Para fins penais, a Lei 7.492/86 traz em seu art. 1º um conceito específico de instituição financeira, qual seja, “a pessoa jurídica de direito público ou privado, que tenha como atividade principal ou acessória, cumulativamente ou não, a captação, intermediação ou aplicação de recursos financeiros (Vetado) de terceiros, em moeda nacional ou estrangeira, ou a custódia, emissão, distribuição, negociação, intermediação ou administração de valores mobiliários.”.
Assim sendo, o conceito é mais restrito que o do art. 17 da Lei 4.595/64, visto que nesta última, a utilização de recursos próprios não afasta a qualidade de instituição financeira. Para fins penais, exclui-se, principalmente, o investidor individual que aplica recursos próprios.
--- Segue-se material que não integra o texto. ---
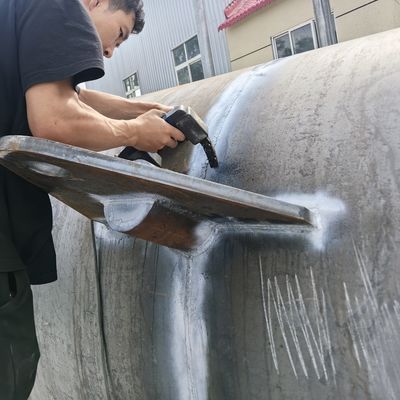 Качество Большой стальной плавучий швартовный буй для морских шельфовых применений завод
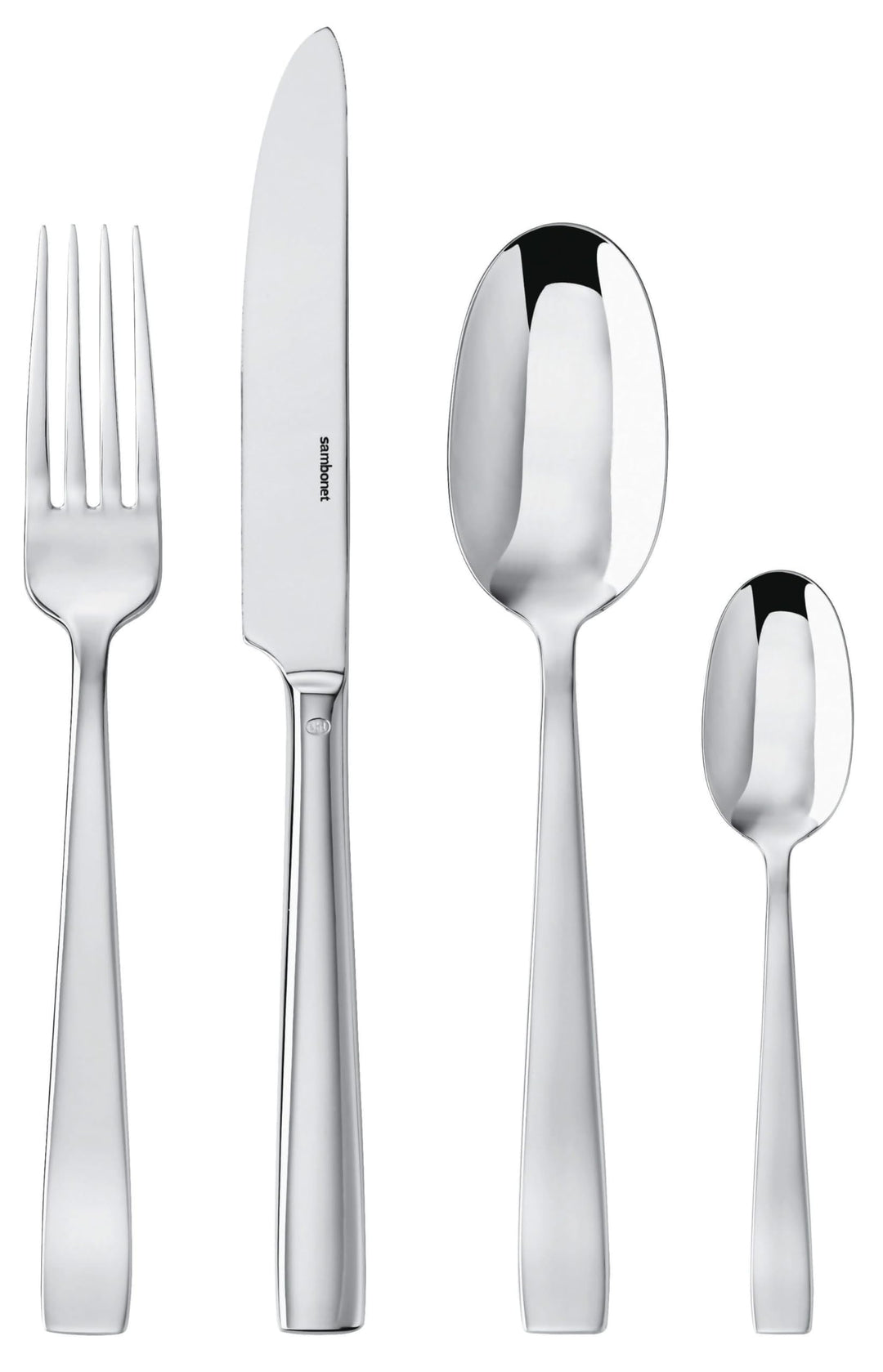Sambonet 62512-81 - Besteck 24Tlg.Vh. Flat Edelstahl 18/10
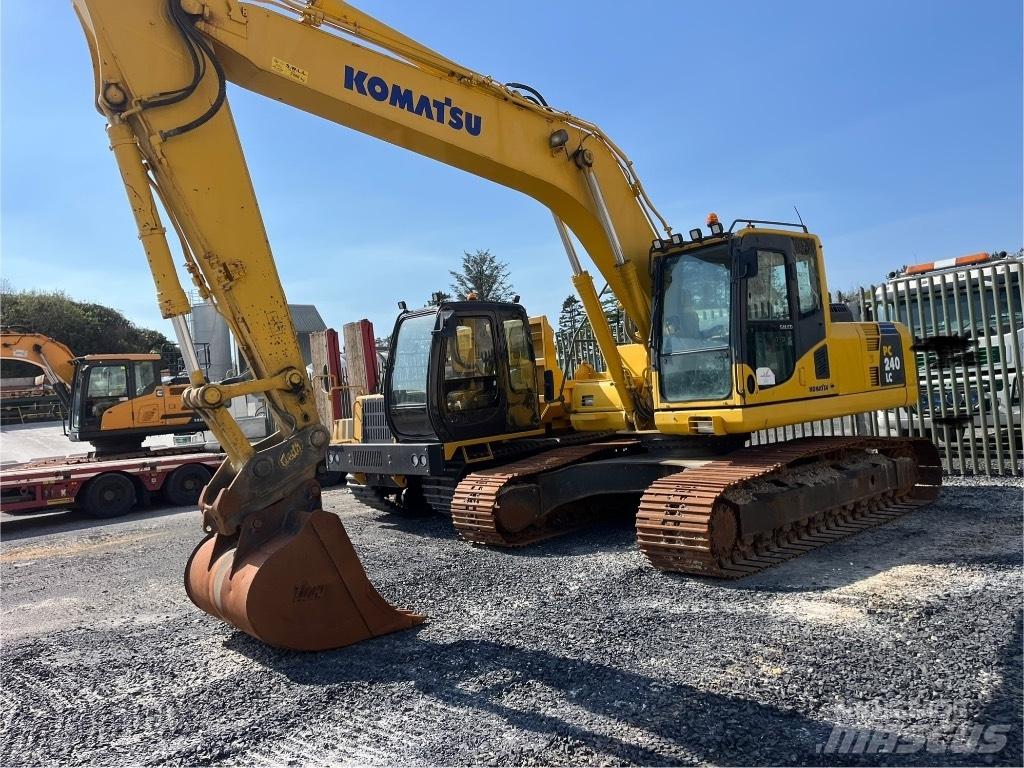 Komatsu Pc240-7 Bagri goseničarji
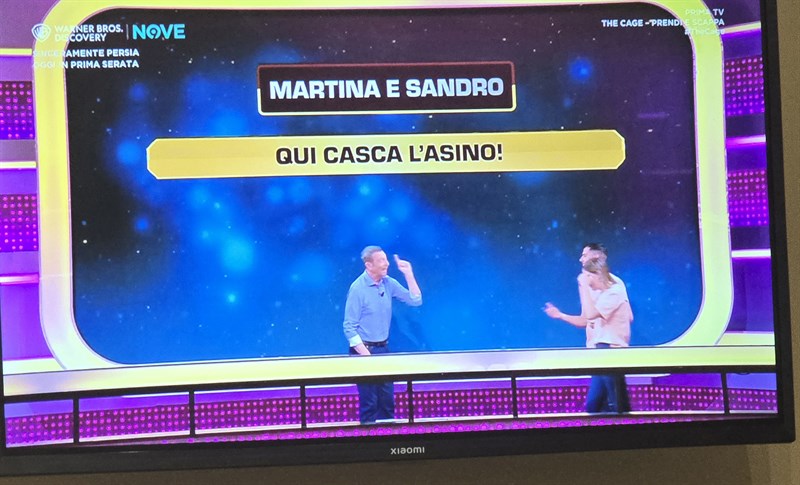 Sandro Bulletti e Martina Pieri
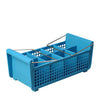 Carlisle Foodservice  C32P2-14  OptiClean Flatware Rack with Handles Blue (1 EACH)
Da mesma forma deve ser interpretado o dispositivo que prevê as entidades equiparadas a instituições financeiras, buscando proteger os recursos de terceiros geridos em atividade financeira. Nesse conceito estão abrangidos os “doleiros“, “cambistas” e “blequistas“, embora suas transferências de valores ocorram à margem do sistema oficial.
Isso não ocorre com o agiota, entretanto, visto que opera com recursos próprios. Da mesma forma, não se incluem as empresas de factoring, embora atuem com empréstimo e desconto de títulos, por “não se abrigarem no direito de regresso e nem na garantia representada pelo aval ou endosso” (STJ, HC 7.463, Fischer, 5ª T., u., DJ 22.2.99).
São consideradas instituições financeiras as empresas que se dedicam a custódia, emissão, distribuição e negociação de valores mobiliários ou títulos de bolsa, considerados genericamente como títulos negociáveis representando direitos de sócios ou de empréstimos a longo prazo, conforme previsão do art. 2º da Lei 6.385/76.
É importante ressaltar que importante parte da investigação dessa espécie de crime é realizada por órgãos de supervisão do Sistema Financeiro Nacional, quais sejam: BACEN, CVM, SUSEP e PREVIC.
Durante o exercício de suas funções, ao se deparar com fatos que possam eventualmente configurar crime, cabe aos referidos órgãos, após o termino do devido procedimento administrativo, apresentar representação para fins penais, existindo um poder-dever de apresentar tal comunicação ao Ministério Público.
Muitas vezes, em razão da complexidade da matéria envolvida, a atuação de órgãos especializados é essencial para efetiva compreensão dos fatos, razão pela qual uma defesa eficiente já nos procedimentos administrativos pode vir a evitar o início de uma persecução penal indevida.